The buildings and structures in North Korea are extremely huge. I know that many countries have large buildings too, but this is North Korea’s version of large buildings. Everything is so huge I had to use my super wide angle lens most of the time just to get everything in the shot. I love buildings that are too huge for our eyes and they just give me a sense that the country is majestic and proud of what they are. Not only are the buildings big and beautiful, the effort that have put into their interior designs are just superb and gorgeous. Some of the most awesome interiors are in the Liberation War Museum and Palace of the Sun, unfortunately we weren’t allowed to photograph those to share with everyone. So, there’s one reason for you to visit North Korea and see it by yourself.
Beautiful Untouched Landscapes
There are quite a few famous mountains that represents the country. Most notable ones are Mount Myohyang and Mount Kumgang Also, there is a recently accessible mountain region that is shared with China. It’s called Mount Paektu. It’s still an active volcano but what draws me most is the gigantic crater lake called Chonji Lake. There are many interesting stories and tales about this mountain. There are also beautiful views of the Masik Pass that I only found out about when I was there. Besides that, there’s also beautiful waterfalls, cave complexes, and also farm fields. These fields become prominent once you leave the city of Pyongyang where the countryside is full of beautiful farm fields.

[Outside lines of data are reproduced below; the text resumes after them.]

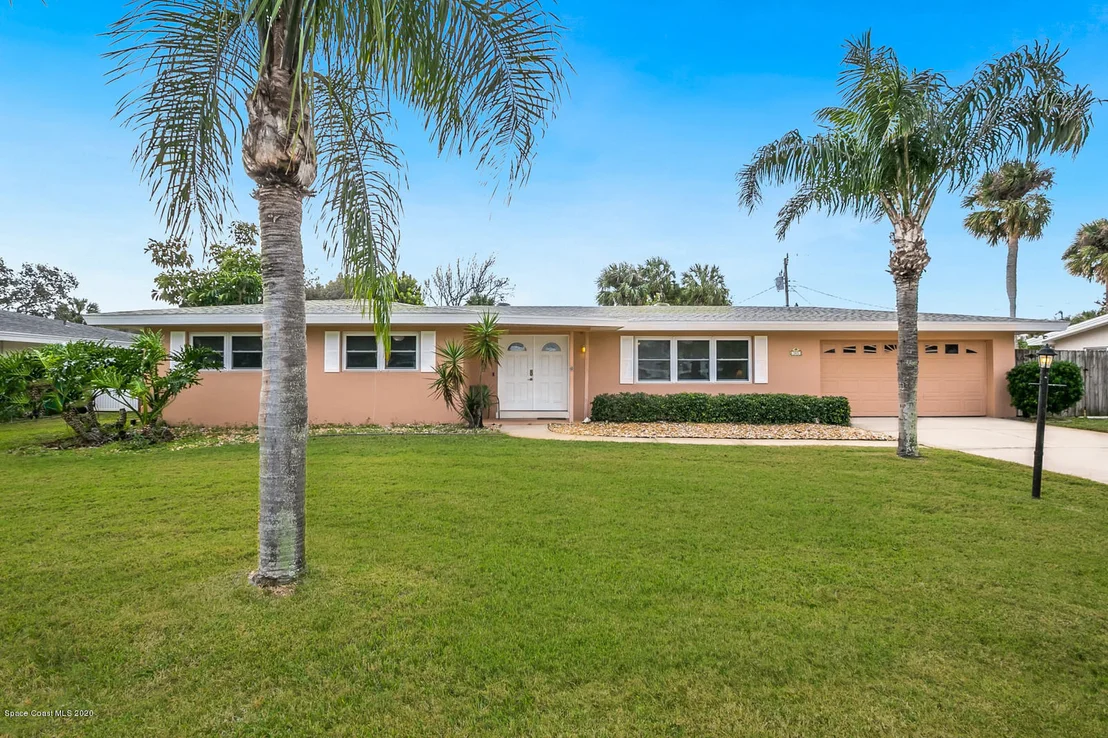Photo of 565 Seabreeze Drive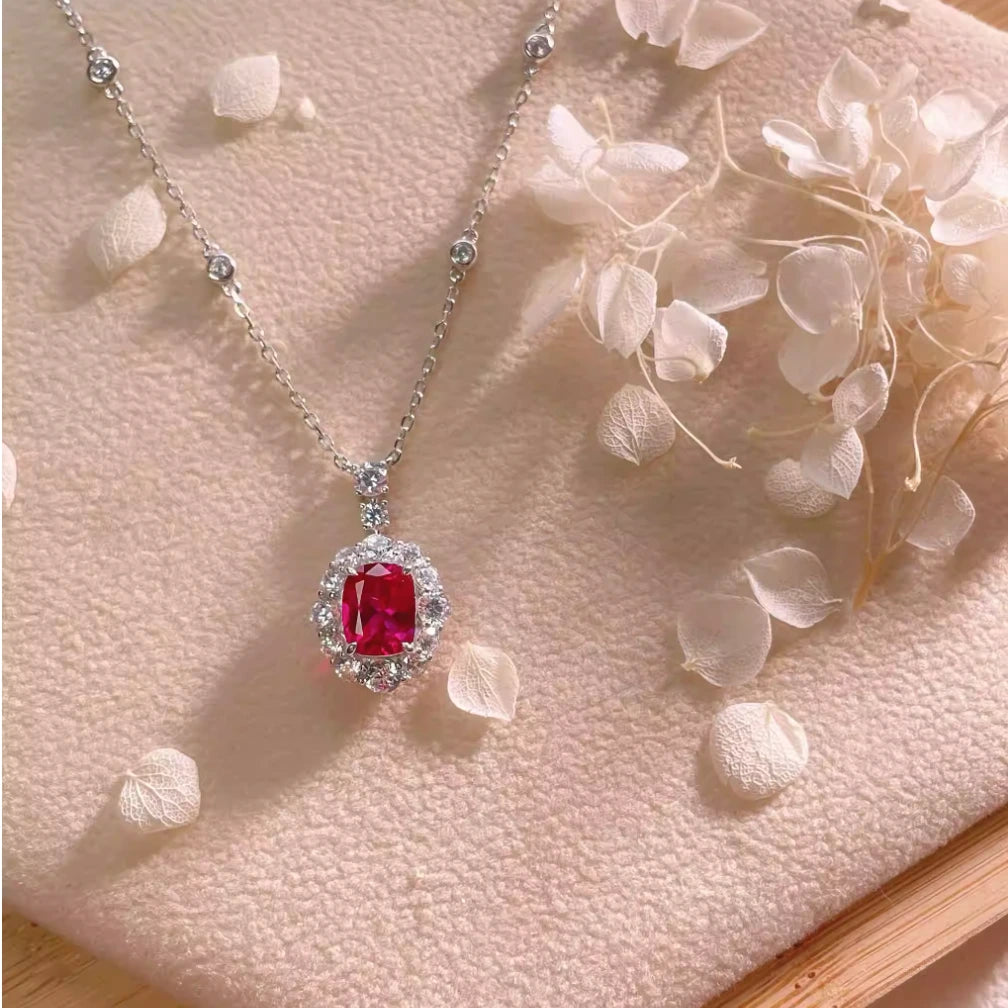2.5ct Luxury Ruby Necklace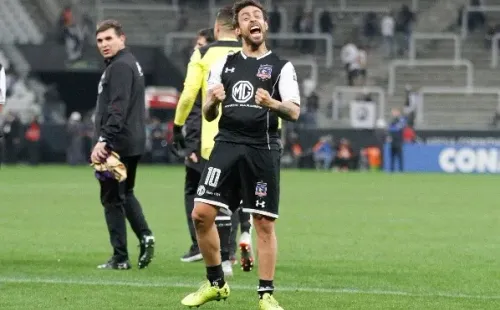 Jorge Valdivia se unió a los festejos por los cero contactos estrechos en Colo Colo. Foto: Agencia Uno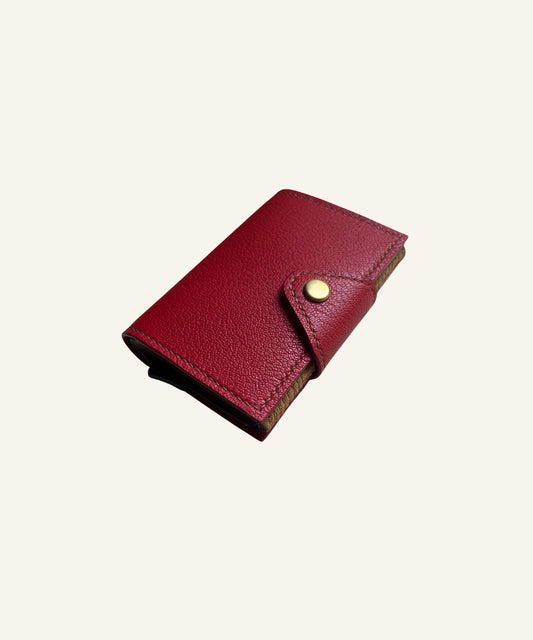 Swift Access Wallet: Suede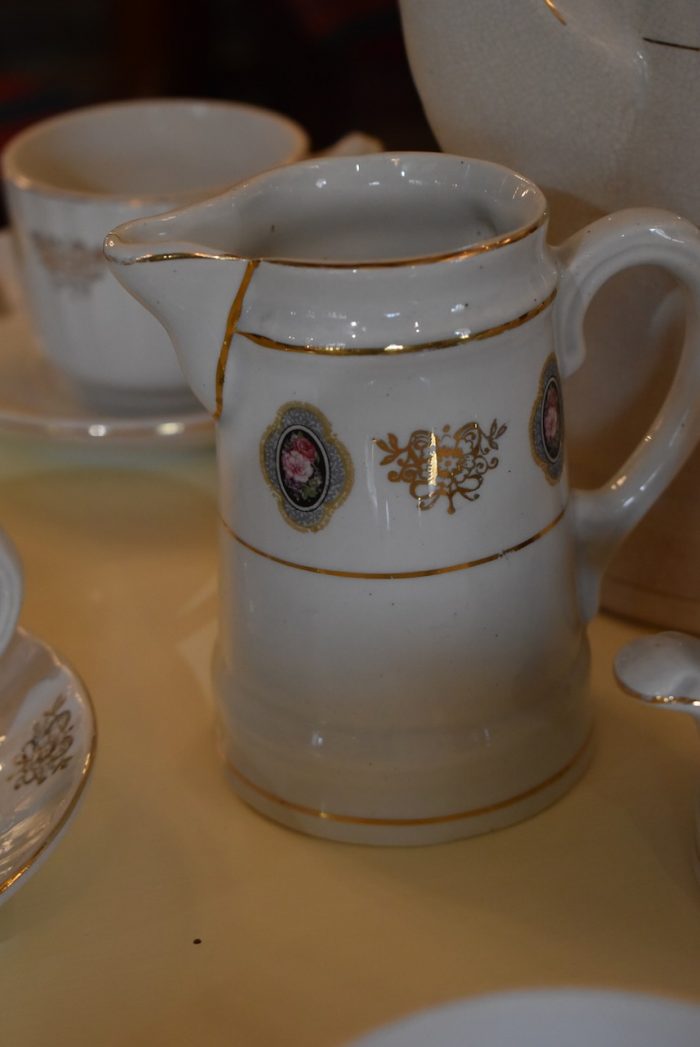 Nevšední a elegantní kávový či čajový servis
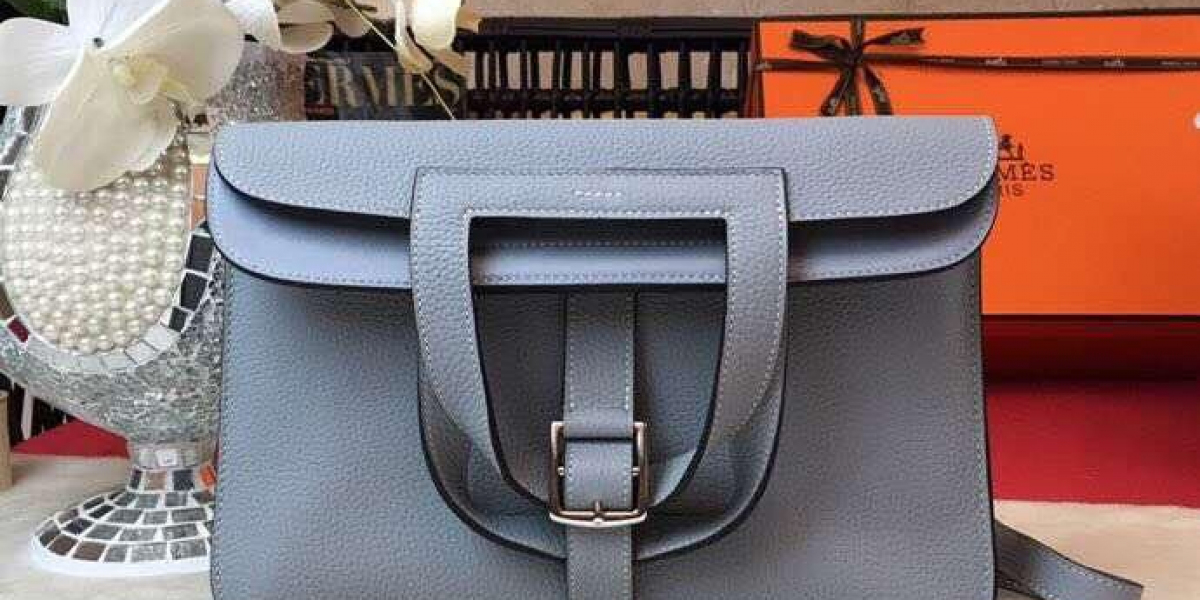 Copy Bags: A Deep Dive into the Allure, Industry, and Ethics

Something to talk BRAG about
I love to go to places where there’s something to talk about. Everywhere we travel, there’s always something to talk about, the experience, the ups and downs, etc. Since none of my friends in my circle have ever traveled to North Korea before (and many who wouldn’t even think of going), it would be a great topic to share and a great conversation starter with those who are interested and curious about this country. It’s also a much more fresh topic compared to the more touristy places. Especially when you are bragging about your trip and some know-it-all cuts you off by saying ‘Yeah, I’ve been there too’. I guess this won’t be happening anytime soon around my circle of friends, except the new friends I’ve made while in North Korea. Also, another cool fact came from one of my colleagues who said, It’s so cool to hear Reuben start a conversation with “When I was in North Korea,…”. Yes, it does sound pretty awesome.
I went as a traveler and these are just the experiences I got from the trip. Although it was a bizarre place to be, it was still a wonderful trip. There was indeed a big difference in their culture and ideology but we managed and respected them. Both Fann and I enjoyed our 12 days there, we were accompanied by two of the most friendly and professional tour guides from KITC. They made us laugh and gave us insights and knowledge about their country. We are extremely grateful to them. For a country that is known as ‘The Hermit Kingdom’, one has to find a way to understand more about the country but not play the guessing or assumption game.